Insights Speaker Series presentation highlights research on income inequality
January 31, 2024
Contact: Jon Meerdink ([email protected])
ANN ARBOR — Income inequality is growing in the United States and around the world, but few people seem interested in doing anything about it. So argued Charlotte Cavaillé, Ph.D., in the latest edition of the Institute for Social Research (ISR) Insights Speaker Series on Jan 31, 2024.
A recording of the event is available below:
Drawing from her book “Fair Enough: Support for Redistribution in the Age of Inequality,” Cavaillé, a faculty associate at ISR’s Center for Political Studies, explored a major question concerning inequality: why don’t more people act in their own self-interest concerning the distribution of wealth in societies around the world?
“Why isn’t the bottom trying harder to expropriate the top?” she said. “You could say that’s a very left-wing question to ask, but there are very simple models of political economy that predict that they should, just because it’s in their self interest.”

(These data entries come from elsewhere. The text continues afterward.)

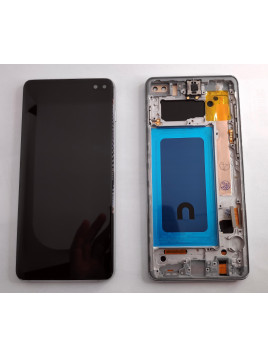 Pantalla TFT para Samsung Galaxy S10 Plus S10+ SM-G975F mas tactil negro mas marco plata compatible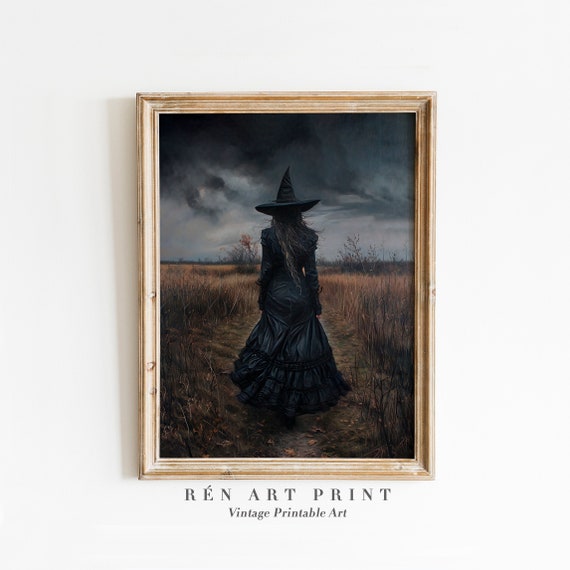 Antique Witchy Gothic Woman Vintage Art Print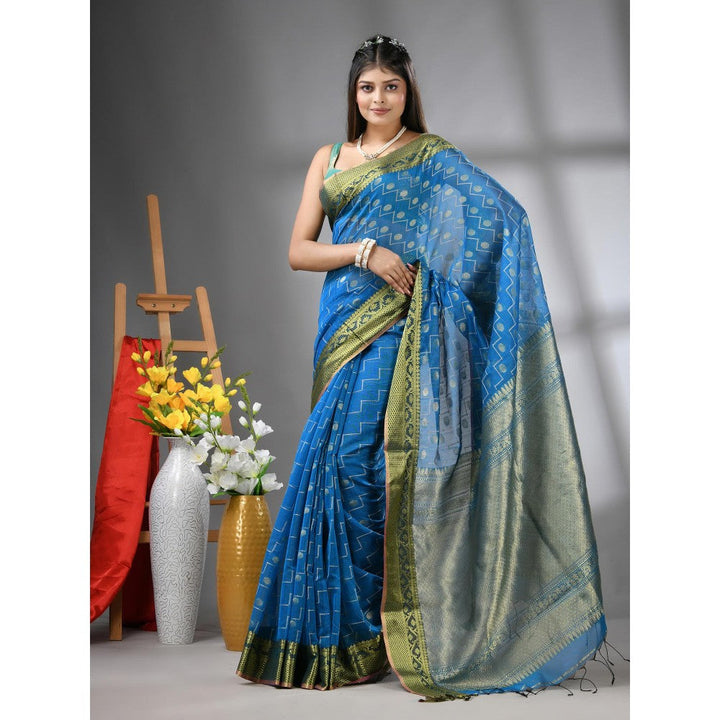 CHARUKRITI Sky Blue Cotton Blend Texture Design Saree with Unstitched Blouse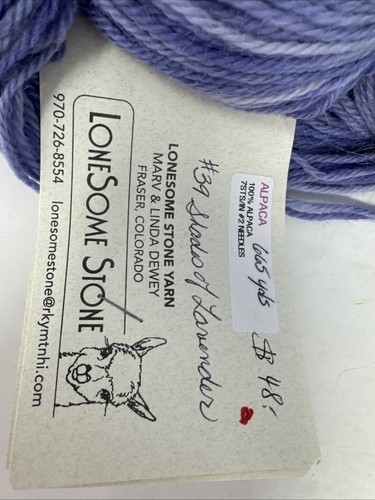 2 riesige einsame Steine handbemalt 100% Alpaka Fingern Lavendel 1330y insgesamt! - Bild 6 von 7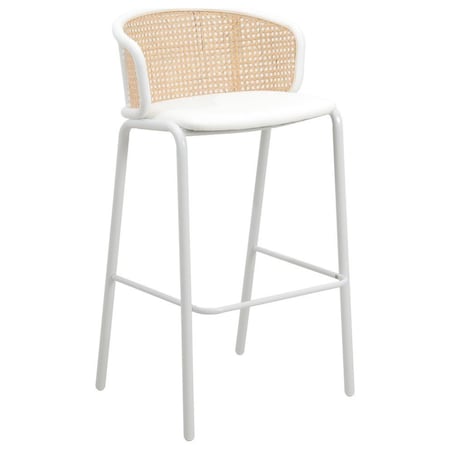 Leisuremod Ervilla Wicker Bar Stool with Fabric Seat and White Powder Coated Steel Frame, White EBW-31W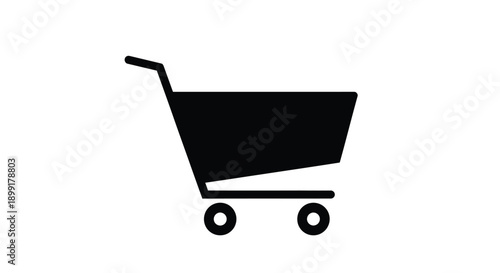 Simple black silhouette of a shopping cart on a white background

Finding the answer to that question, or building the framework by which it can be found, is a complicated process according to Cavaillé. But it’s not an impossible one. She argues that researchers need to do a better job in identifying questions that will help explore and explain how the economy addresses people’s conception of fairness.
What is fairness? Another complicated question for researchers to untangle, but Cavaillé summarizes it neatly as a broken promise of capitalism to provide appropriate pay for a given product, in this case fair wages for labor.

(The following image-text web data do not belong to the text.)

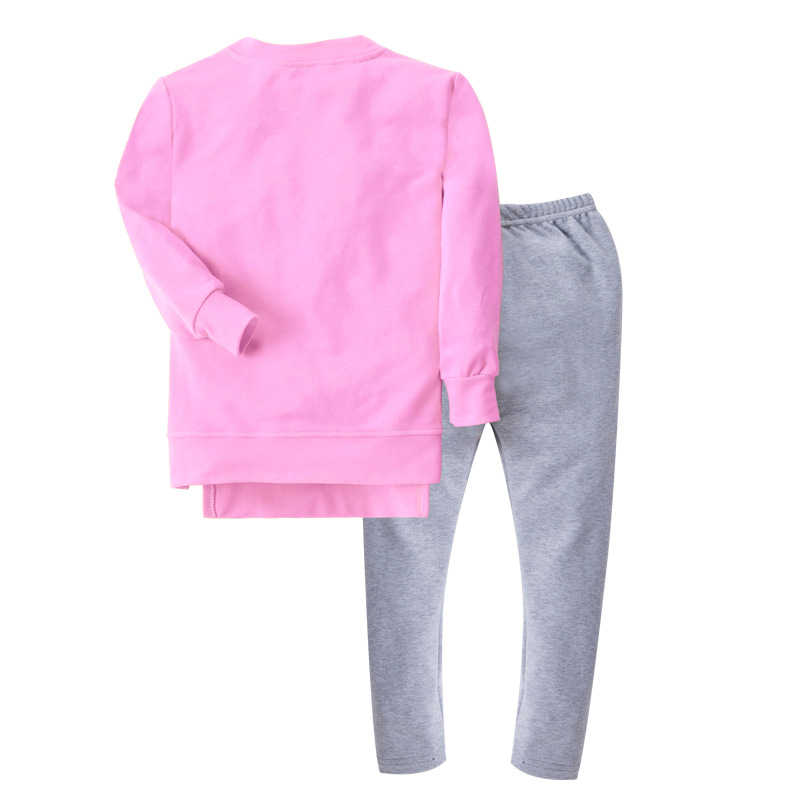 F-ชุดเซ็ตเสื้อแขนยาวลายจิ้งจอกสีชมพู+กางขายาวสีเทา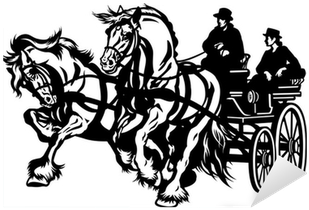 Horse Carriage Sketch (400x400), Png Download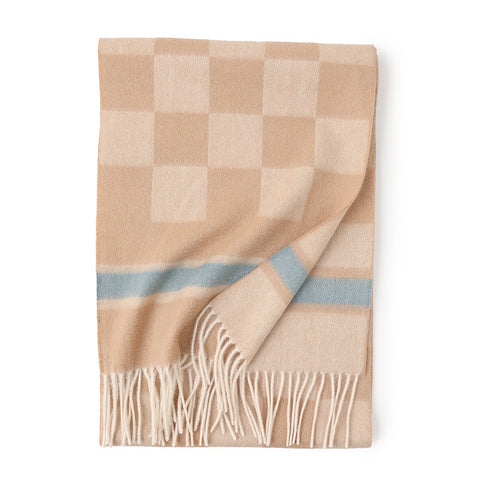 Sali Pure Cashmere Checked Tasseled Scarf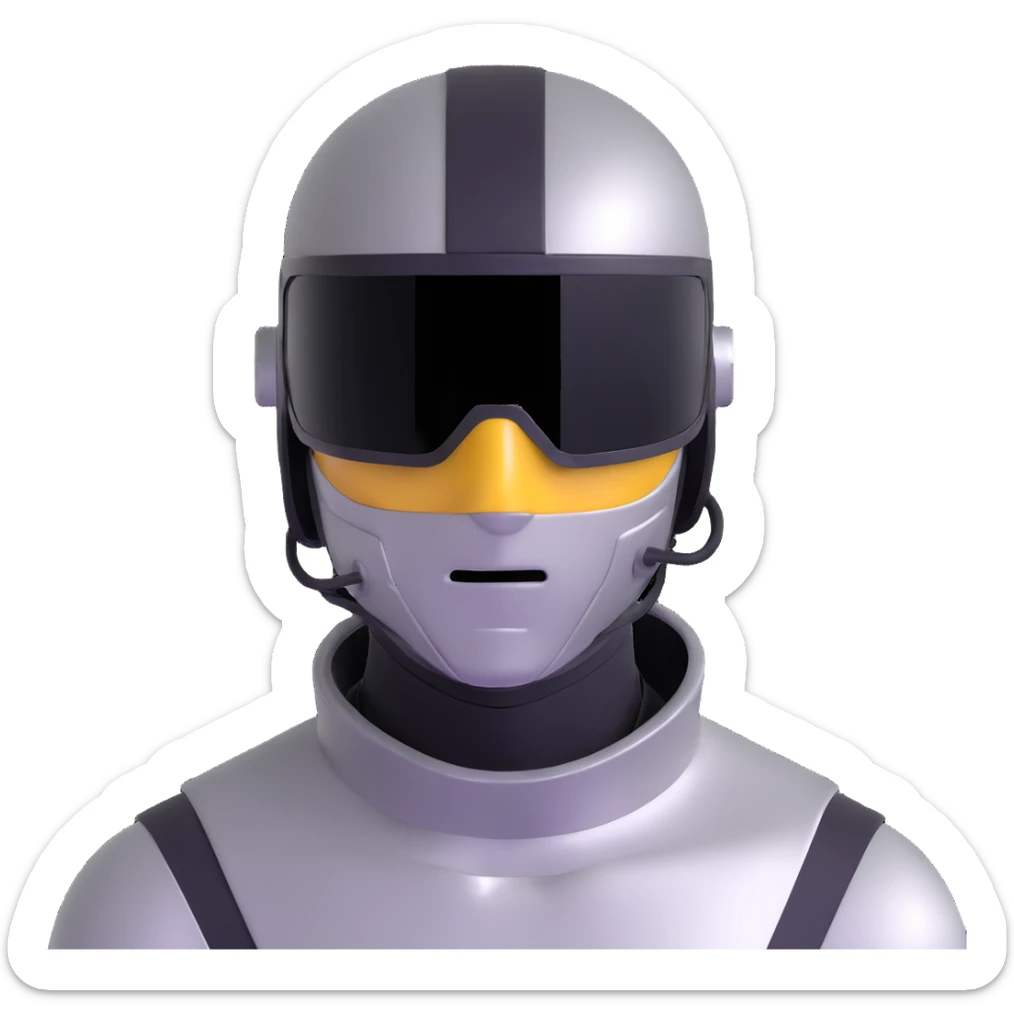 cyber y2k guy with metallic clothing, futuristic visor, and duct tape over his mouth sticker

“When you look into designing institutions that are fair, it means institutions that reward skills. Your wage is equal to your marginal productivity.”
Cavaillé’s first presentation is the first Insights talk of 2024. The Insights Speaker Series highlights work from researchers throughout ISR and across the University of Michigan. campus. For further information about the Insights Speaker Series and for recordings of past presentations, click here.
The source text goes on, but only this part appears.